This blog is about an interesting partitioning story and curious data movements during merge operation. I was at my one of my customer uses intensively partitioning for various reasons including archiving and manageability. A couple of days ago, we decided to test the new fresh developed script, which will carry out the automatic archiving stuff against the concerned database in quality environment.
Let’s describe a little bit the context.
We used a range-based data distribution model. Boundary are number-based and are incremented monolithically with identity values.
We defined a partition function with range right values strategy as follows:
CREATE PARTITION FUNCTION pfOrderID (INT) AS RANGE RIGHT FOR VALUES(@boundary_archive, @boundary_current) go
The first implementation of the partition scheme consisted in storing all partitioned data inside the same filegroup.
CREATE PARTITION SCHEME psOrderID AS PARTITION pfOrderID ALL TO ([PRIMARY]) go
Well, the initial configuration was as follows. We applied page compression to the archive partition because it contained cold data which is not supposed to be updated very frequently.

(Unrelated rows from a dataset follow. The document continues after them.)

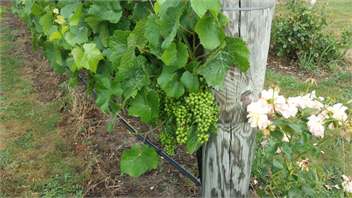 Todds Cottage & Vineyard -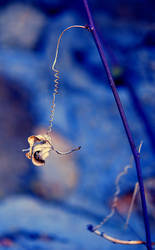 Leaf on the wind.... by Nataly1st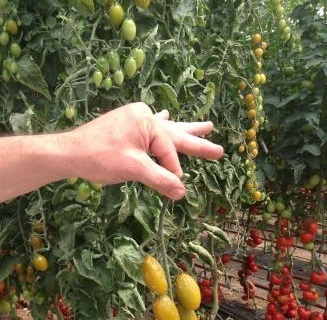 horti tomate.jpg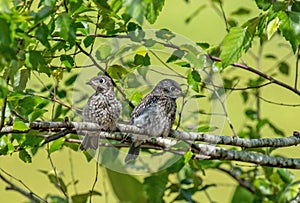 Bluebird fledgling sitting in a tree on a sunny spring day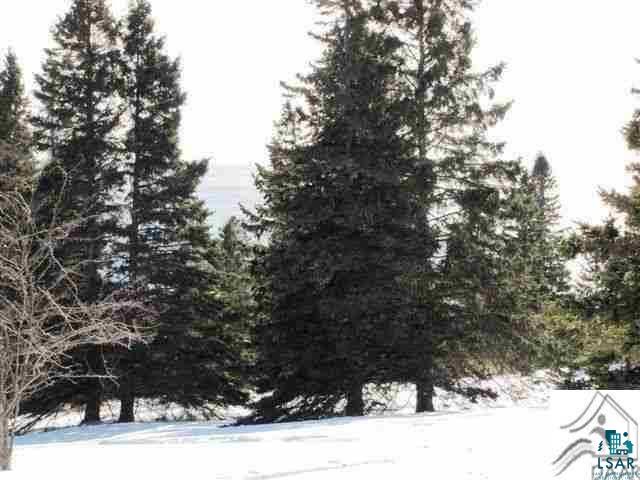 Lot 8 Chester Boulevard Tofte, MN 55615 - Photo 19 of 24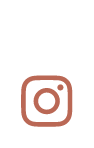 instagram-marron-icon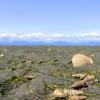 Boundary Bay Regional Park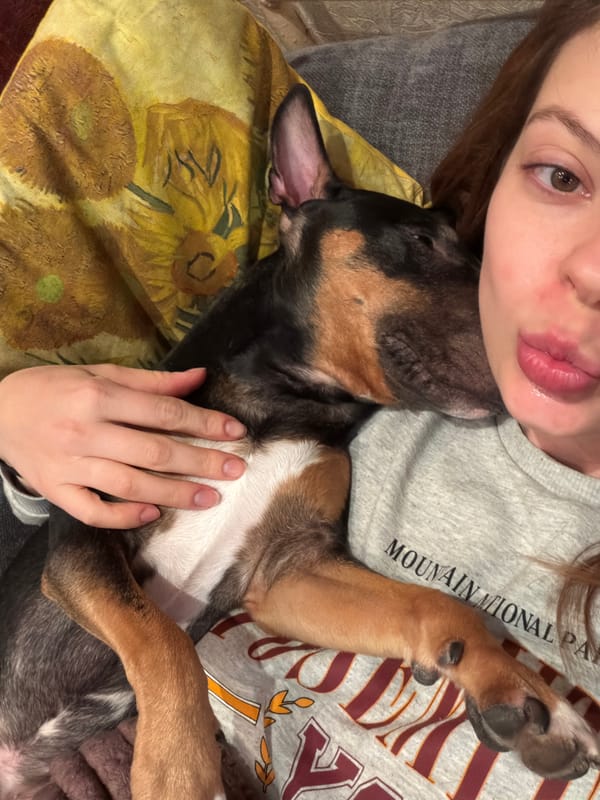 Woman cuddles tri-colored puppy in Khimki, Russia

As you may expect, the next step will consist in merging ARCHIVE and CURRENT partitions by using the MERGE command as follows:
ALTER PARTITION FUNCTION pfOrderID() MERGE RANGE (@b_archive);
Basically, we achieve a merge operation according to Microsoft documentation:
The filegroup that originally held boundary_value is removed from the partition scheme unless it is used by a remaining partition, or is marked with the NEXT USED property.

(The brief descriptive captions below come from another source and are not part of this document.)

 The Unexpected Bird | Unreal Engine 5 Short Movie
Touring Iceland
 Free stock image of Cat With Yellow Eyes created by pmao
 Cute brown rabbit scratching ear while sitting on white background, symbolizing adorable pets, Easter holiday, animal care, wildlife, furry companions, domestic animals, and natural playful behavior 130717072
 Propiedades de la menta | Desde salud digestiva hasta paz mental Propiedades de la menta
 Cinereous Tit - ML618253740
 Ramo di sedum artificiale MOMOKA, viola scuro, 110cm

At this point we may expect SQL Server has moved data from the middle partition to the left partition and according to this other Microsoft pointer
When two partitions are merged, the resultant partition inherits the data compression attribute of the destination partition.

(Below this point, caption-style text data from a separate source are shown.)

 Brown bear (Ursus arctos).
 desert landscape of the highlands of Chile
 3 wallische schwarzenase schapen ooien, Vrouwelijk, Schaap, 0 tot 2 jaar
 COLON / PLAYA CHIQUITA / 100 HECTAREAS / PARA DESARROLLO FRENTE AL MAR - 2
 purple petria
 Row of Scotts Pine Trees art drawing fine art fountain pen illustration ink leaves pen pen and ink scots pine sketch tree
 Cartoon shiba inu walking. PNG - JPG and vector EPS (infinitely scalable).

But the results come as a little surprise because I expected to see a page compression value from my archive partition.
At this point, my assumption was either compression value doesn’t inherit correctly as mentioned in the Microsoft documentation or data movement is not performed as expected. The latter may be checked very quickly by looking at the corresponding records inside the transaction log file.
SELECT [AllocUnitName], Operation, COUNT(*) as nb_ops FROM ::fn_dblog(NULL,NULL) WHERE [Transaction ID] = ( SELECT TOP 1 [Transaction ID] FROM ::fn_dblog(NULL,NULL) WHERE [Xact ID] = 164670) GROUP BY [AllocUnitName], Operation ORDER BY nb_ops DESC GO
I put only the relevant sample here
Referring to what I saw above, I noticed data movement was not performed as expected but rather as shown below:
So, this strange behavior seems to explain why compression state switched from PAGE to NONE in my case. Another strange thing is when we changed the partition scheme to include an archive filegroup, we returned to normality.
CREATE PARTITION SCHEME psOrderID AS PARTITION pfOrderID TO ([ARCHIVE], [PRIMARY], [PRIMARY]) go
I doubled checked the Microsoft documentation to see if it exists one section to figure out the behavior I experienced in this case but without success. After further investigations I found out an interesting blog post from Sunil Agarwal (Microsoft) about partition merging and some performance improvements shipped with SQL Server 2008 R2. In short, I was in the specific context described in the blog post (same filegroup) and merging optimization came into action transparently because number of rows in the archive partition was lower than the one in the current partition at the moment of the MERGE operation.
Let me introduce another relevant information – the number of lines for each partition – to the following picture:
Just to be clear, this is an interesting and smart mechanism provided by Microsoft but it may be a little bit confusing when you’re not aware of this optimization. In my case, we finally decided with my customer to dedicate an archiving partition to store cold data that will be rarely accessed in this context and keep up the possibility to store cold data on cheaper storage when archiving partition will grow to a critical size. But in other cases, if storing data is the same filegroup is a still relevant scenario, keep in mind this optimization to not experience unexpected behaviors.